Another early #MedievalMonday post.
Given how close we are to Halloween, and after a quick cleaning of my studio, I stumbled upon some bone skull beads that were gifted to me and got hit with a bit of inspiration.
One of my favourite SCA blogs has been Paternoster Row, written by Dame Christian de Holacomb, who has really done a tremendous amount of work on paternosters in period, and had made a post about Alanus de Rupe’s Unser lieben frauen psalter, which was one of the first texts about rosaries and instructions on how to pray with them.
She’s also made posts about memento mori beads, though those particular beads appear to be much later in period than the “Beads of Death” form of the rosary. So, while the combination of skull beads and Beads of Death form is perhaps not period, it still calls to mind the reason of memento mori, or remembering one’s mortality.
But back to Alanus.
Alanus de Rupe’s instructions, wonderfully translated by Dame Christian, are as follows.

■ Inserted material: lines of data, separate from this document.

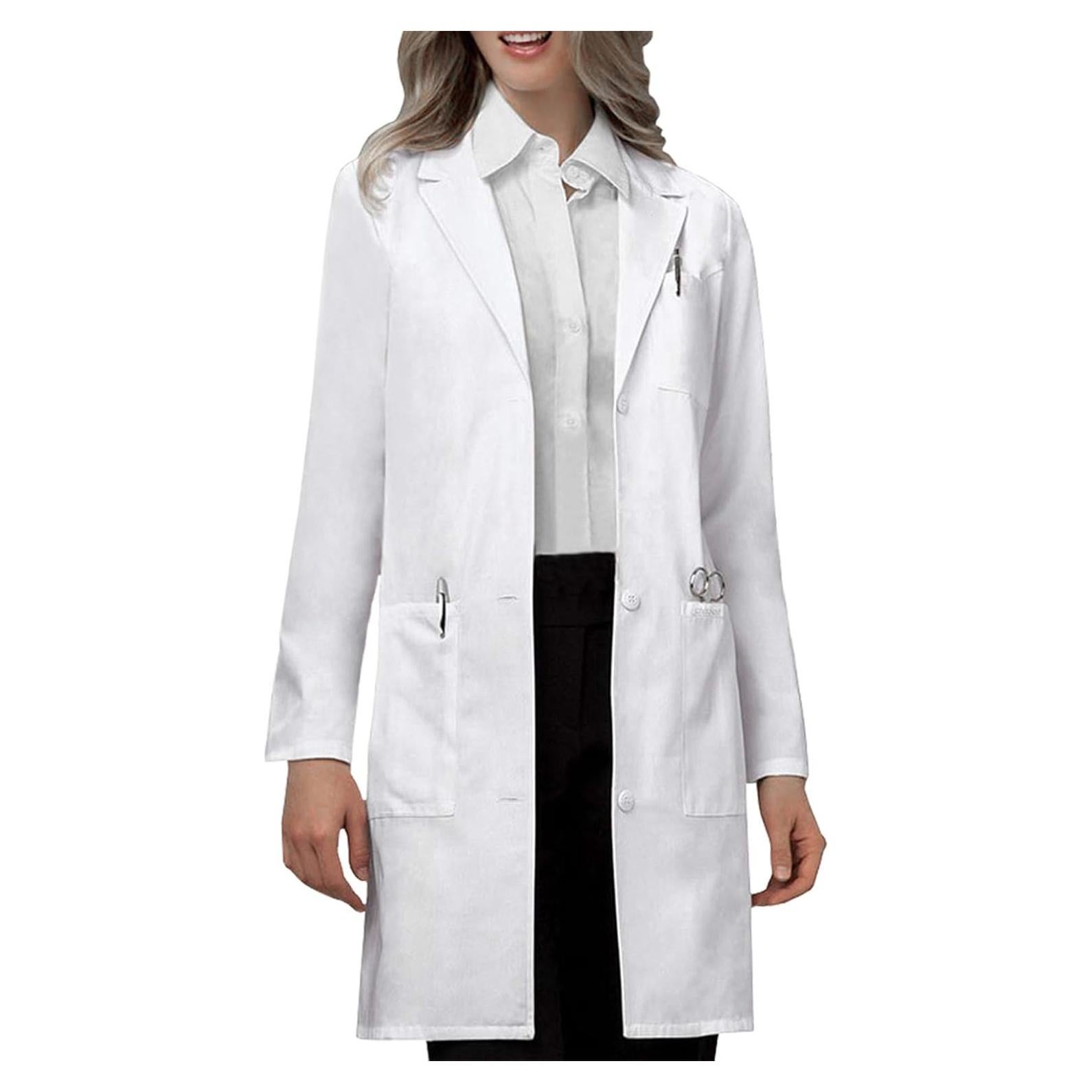 Bata Profesional Unisex VOGRYE Blanca Manga Larga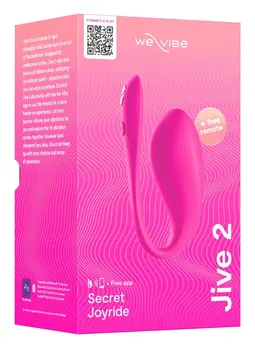 We-Vibe Jive 2 Smart Wearable Vibrating Device - Blue, Remote & App Control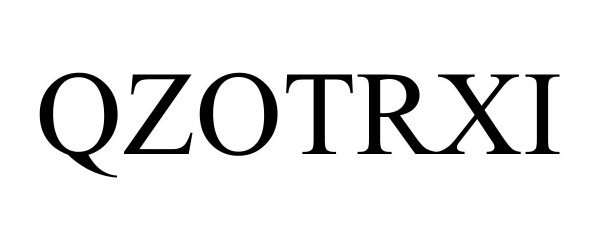 Trademark Logo QZOTRXI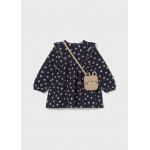 Mayoral Φορεμα σταμπωτο με τσαντα ναυτ.μπλε 15-02920-093 2920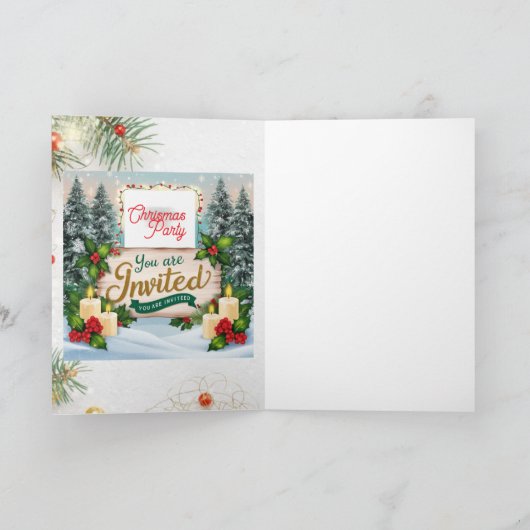 Gefaltete Einladung Chrismas (Innenseite)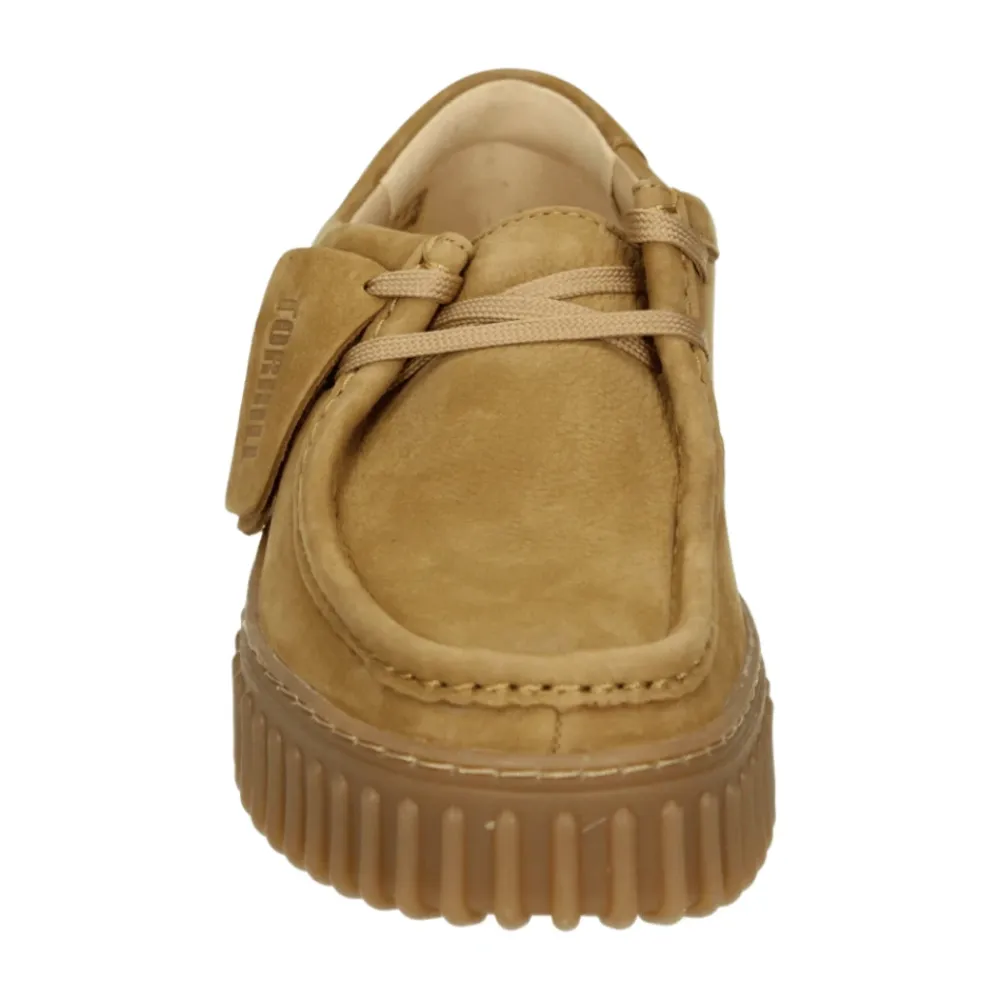 Snøresko^Clarks Sporty lavt damesko i cognac Brun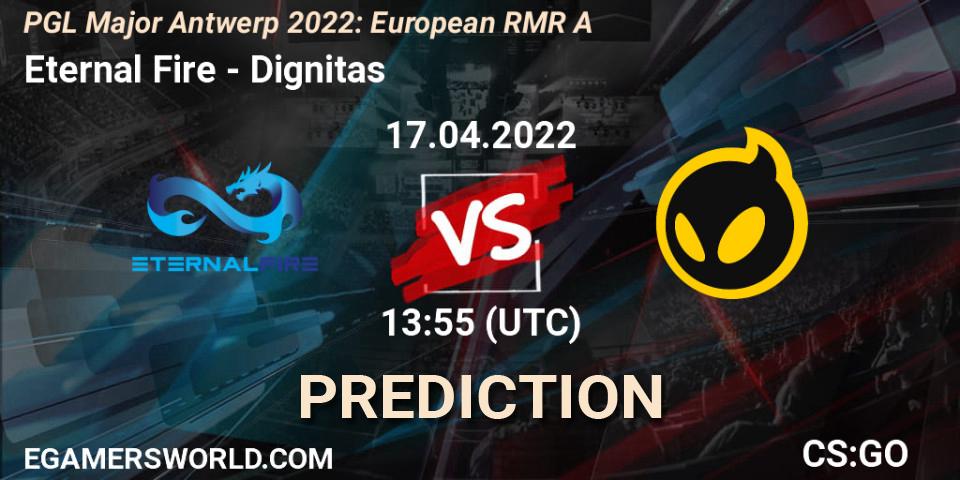 Eternal Fire vs Dignitas: Match Prediction. 17.04.22, CS2 (CS:GO), PGL Major Antwerp 2022: European RMR A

“In the next-following figure is a paternoster that has five large stones, and after every one large stone should be ten small. The first large stone of the five is many-colored and signifies the multiplicity of your sins. The second stone is light colored, and signifies the uncertain death that is in your certain future. The third stone is red, and signifies the Last Judgement at which you must give an account of your life. The fourth stone of the five is black, and signifies hell. The fifth stone of the paternoster is gilt, and signifies the glory and joy of the saints: which glory and joy is promised to those who keep the commandment of God.”
Unfortunately (or fortunately, really), the actual form of the paternoster (whether a linear or circular paternoster) isn’t really clear. For this particular piece, I went with a linear form, that is, all the beads are in a row, and the paternoster has two ends – it’s in a line, ergo “linear” paternoster. I also included items that could look like pilgrim badges (and I themed them a bit, too, if you look closely). For instance, one of those items has Adam and Eve in the Garden . . . conveniently placed near the multi-coloured bead. A Sacred Heart is near the black bead, reminding those who might use these for devotions of the transformative power of Christ’s love. The gilt bead (a foiled glass bead) is in the shape of a cross, a further reminder of faith.
This particular paternoster is made with bone and glass beads, with the charms made from sterling silver and pewter, and strung on silk. I have also made a handmade tassel, also out of silk.